The so-called war on terrorism is not only a war on innocent people in other countries, but it is also a war on the people of the United States: a war on our liberties, a war on our standard of living. The wealth of the country is being stolen from the people and handed over to the super-rich. The lives of our young are being stolen. And the thieves are in the White House.
It's interesting to me that polls taken among African Americans have shown consistently 60 percent opposition to the war in Iraq. Shortly after Colin Powell made his report to the United Nations on "Weapons of Mass Destruction," I did a phone interview with an African American radio station in Washington, D.C., a program called "GW on the Hill." After I talked with the host there were eight call-ins. I took notes on what the callers said:
John: "What Powell said was political garbage."
Another caller: "Powell was just playing the game. That's what happens when people get into high office."
Robert: "If we go to war, innocent people will die for no good reason."
Kareen: "What Powell said was hogwash. War will not be good for this country."
Susan: "What is so good about being a powerful country?"
Terry: "It's all about oil."
Another caller: "The U.S. is in search of an empire and it will fall as the Romans did. Remember when Ali fought Foreman. He seemed asleep but when he woke up he was ferocious. So will the people wake up."
It is often said that this Administration can get away with war because unlike Vietnam, the casualties are few. True, only a few hundred battle casualties, unlike Vietnam.
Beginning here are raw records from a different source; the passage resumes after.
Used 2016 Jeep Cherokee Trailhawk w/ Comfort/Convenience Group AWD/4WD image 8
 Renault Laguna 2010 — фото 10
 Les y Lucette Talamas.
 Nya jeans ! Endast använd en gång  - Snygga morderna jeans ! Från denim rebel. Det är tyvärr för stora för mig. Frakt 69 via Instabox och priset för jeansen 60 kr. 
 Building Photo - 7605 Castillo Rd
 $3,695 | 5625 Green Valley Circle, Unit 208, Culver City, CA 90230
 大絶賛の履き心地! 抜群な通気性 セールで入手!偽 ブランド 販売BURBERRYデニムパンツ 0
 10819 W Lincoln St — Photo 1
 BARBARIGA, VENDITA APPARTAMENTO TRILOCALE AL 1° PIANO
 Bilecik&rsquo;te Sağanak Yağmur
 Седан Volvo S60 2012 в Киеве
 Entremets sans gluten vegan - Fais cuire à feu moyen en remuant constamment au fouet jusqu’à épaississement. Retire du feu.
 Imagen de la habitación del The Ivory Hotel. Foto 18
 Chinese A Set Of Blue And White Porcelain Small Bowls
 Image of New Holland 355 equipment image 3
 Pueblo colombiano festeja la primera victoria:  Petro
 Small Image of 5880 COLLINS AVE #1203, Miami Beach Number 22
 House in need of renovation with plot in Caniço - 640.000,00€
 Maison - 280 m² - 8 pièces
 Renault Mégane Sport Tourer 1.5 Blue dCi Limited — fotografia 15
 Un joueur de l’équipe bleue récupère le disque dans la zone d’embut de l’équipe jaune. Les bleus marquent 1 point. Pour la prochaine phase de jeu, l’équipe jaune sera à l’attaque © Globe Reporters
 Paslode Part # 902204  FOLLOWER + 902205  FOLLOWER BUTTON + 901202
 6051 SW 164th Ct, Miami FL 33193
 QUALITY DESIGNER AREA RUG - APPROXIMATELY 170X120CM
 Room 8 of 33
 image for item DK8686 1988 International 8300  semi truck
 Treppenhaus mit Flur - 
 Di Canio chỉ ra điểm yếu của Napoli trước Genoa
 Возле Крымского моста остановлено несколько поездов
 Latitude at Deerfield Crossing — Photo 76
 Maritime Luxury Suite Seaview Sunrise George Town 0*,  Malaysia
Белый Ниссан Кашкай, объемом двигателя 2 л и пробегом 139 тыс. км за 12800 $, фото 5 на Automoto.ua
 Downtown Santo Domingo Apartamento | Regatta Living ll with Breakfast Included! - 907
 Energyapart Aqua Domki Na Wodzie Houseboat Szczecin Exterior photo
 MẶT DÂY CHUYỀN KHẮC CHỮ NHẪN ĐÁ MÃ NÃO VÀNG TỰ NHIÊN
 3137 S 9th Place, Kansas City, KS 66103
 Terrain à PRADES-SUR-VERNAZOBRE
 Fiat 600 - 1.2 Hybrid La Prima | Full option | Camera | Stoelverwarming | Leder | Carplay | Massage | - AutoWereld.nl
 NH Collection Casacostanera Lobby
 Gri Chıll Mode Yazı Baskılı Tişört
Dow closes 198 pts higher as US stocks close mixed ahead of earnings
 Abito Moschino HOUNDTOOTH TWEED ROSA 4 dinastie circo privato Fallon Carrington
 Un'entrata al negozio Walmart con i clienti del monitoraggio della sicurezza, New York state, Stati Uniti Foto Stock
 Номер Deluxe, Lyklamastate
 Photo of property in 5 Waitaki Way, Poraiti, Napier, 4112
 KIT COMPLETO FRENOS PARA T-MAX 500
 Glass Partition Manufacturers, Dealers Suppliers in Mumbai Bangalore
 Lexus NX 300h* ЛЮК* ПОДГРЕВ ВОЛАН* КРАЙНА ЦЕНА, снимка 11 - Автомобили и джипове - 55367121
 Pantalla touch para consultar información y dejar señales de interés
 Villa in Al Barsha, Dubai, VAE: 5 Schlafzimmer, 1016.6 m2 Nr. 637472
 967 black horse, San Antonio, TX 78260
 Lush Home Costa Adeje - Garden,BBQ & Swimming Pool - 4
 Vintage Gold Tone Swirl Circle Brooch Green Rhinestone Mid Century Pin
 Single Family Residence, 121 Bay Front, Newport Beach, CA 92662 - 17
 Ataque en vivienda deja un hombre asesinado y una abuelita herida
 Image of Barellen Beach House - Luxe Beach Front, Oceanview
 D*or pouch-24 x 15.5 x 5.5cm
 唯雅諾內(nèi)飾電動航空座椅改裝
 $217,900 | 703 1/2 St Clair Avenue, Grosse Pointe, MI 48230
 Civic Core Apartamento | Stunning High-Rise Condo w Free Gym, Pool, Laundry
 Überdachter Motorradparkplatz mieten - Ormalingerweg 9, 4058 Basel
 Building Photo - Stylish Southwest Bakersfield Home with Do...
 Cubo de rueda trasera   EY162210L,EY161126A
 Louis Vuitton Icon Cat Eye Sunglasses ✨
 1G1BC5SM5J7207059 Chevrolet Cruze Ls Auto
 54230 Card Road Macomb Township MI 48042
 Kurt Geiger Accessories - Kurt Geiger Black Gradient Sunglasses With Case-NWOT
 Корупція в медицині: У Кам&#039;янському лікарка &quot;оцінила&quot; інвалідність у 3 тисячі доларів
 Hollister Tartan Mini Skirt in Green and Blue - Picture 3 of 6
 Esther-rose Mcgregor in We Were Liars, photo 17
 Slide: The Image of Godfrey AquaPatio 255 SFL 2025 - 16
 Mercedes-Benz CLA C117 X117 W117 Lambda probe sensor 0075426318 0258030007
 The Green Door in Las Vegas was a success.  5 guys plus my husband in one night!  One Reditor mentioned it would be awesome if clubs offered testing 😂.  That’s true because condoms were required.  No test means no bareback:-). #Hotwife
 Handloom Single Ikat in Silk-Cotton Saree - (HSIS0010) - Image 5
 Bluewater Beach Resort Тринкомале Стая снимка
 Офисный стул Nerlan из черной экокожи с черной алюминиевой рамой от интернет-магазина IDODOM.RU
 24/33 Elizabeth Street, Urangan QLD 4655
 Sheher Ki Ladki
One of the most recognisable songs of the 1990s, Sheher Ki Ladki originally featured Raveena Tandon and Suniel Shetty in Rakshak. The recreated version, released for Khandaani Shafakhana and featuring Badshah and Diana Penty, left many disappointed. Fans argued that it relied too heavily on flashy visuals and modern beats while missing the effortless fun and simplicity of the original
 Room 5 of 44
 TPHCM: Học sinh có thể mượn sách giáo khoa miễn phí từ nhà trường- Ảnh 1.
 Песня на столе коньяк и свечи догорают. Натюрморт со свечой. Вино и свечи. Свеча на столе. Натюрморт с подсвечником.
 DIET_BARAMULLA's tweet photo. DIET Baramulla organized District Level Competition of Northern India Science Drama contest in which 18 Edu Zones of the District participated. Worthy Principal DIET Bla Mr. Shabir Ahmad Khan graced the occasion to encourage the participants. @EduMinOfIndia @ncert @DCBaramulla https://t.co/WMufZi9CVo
But battle casualties are not all. When wars end, the casualties keep mounting up—sickness, trauma. After the Vietnam War, veterans reported birth defects in their families due to the Agent Orange spraying in Vietnam. In the first Gulf War there were only a few hundred battle casualties, but the Veterans Administration reported recently that in the ten years following the Gulf War, 8,000 veterans died. About 200,000 of the 600,000 veterans of the Gulf War filed complaints about illnesses incurred from the weapons our government used in the war. In the current war, how many young men and women sent by Bush to liberate Iraq will come home with related illnesses?
What is our job? To point all this out.
Human beings do not naturally support violence and terror. They do so only when they believe their lives or country are at stake. These were not at stake in the Iraq War. Bush lied to the American people about Saddam and his weapons. And when people learn the truth—as happened in the course of the Vietnam War—they will turn against the government. We who are for peace have the support of the rest of the world. The United States cannot indefinitely ignore the ten million people who protested around the world on February 15. The power of government—whatever weapons it possesses, whatever money it has at its disposal—is fragile. When it loses its legitimacy in the eyes of its people, its days are numbered.
We need to engage in whatever nonviolent actions appeal to us. There is no act too small, no act too bold. The history of social change is the history of millions of actions, small and large, coming together at critical points to create a power that governments cannot suppress. We find ourselves today at one of those critical points.